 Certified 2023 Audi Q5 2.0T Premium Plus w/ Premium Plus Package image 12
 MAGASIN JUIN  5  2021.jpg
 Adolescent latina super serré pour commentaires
--
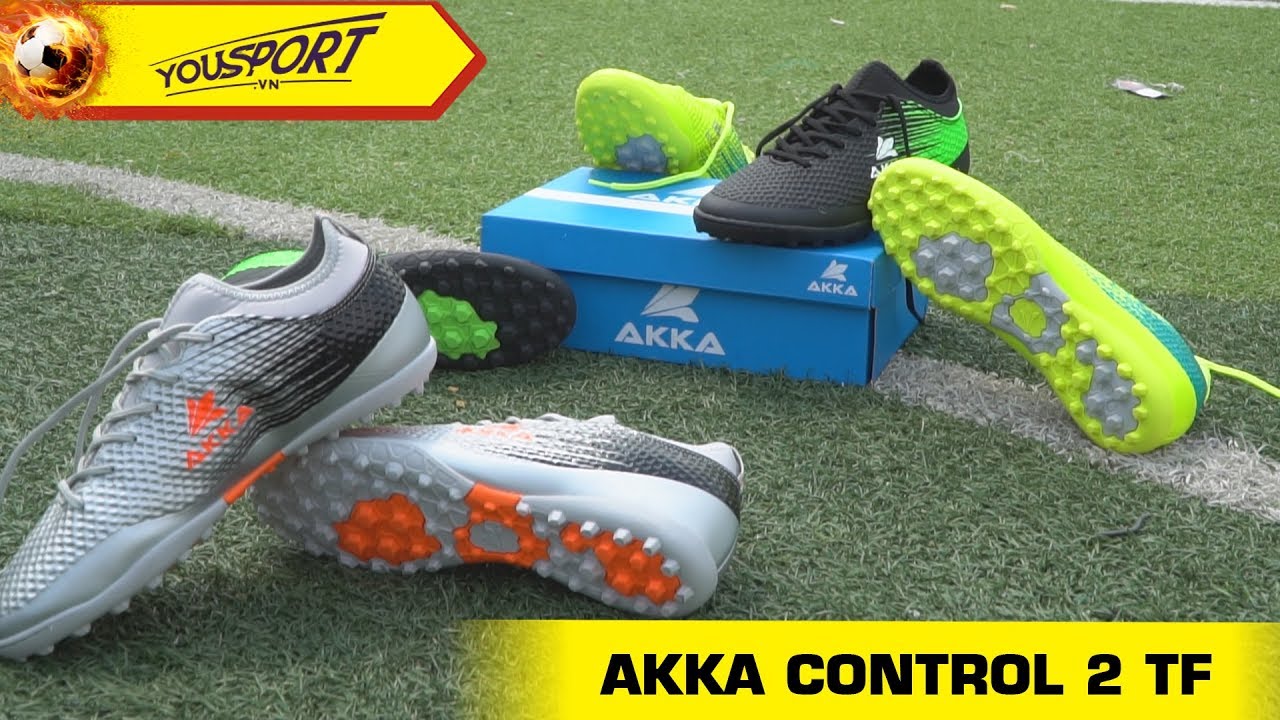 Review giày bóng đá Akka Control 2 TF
==
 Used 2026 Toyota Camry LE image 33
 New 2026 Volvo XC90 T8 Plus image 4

Problem: Look through the material above for the word "Plus" and copy every line that has it.

Completed exercise:
 Certified 2023 Audi Q5 2.0T Premium Plus w/ Premium Plus Package image 12
 New 2026 Volvo XC90 T8 Plus image 4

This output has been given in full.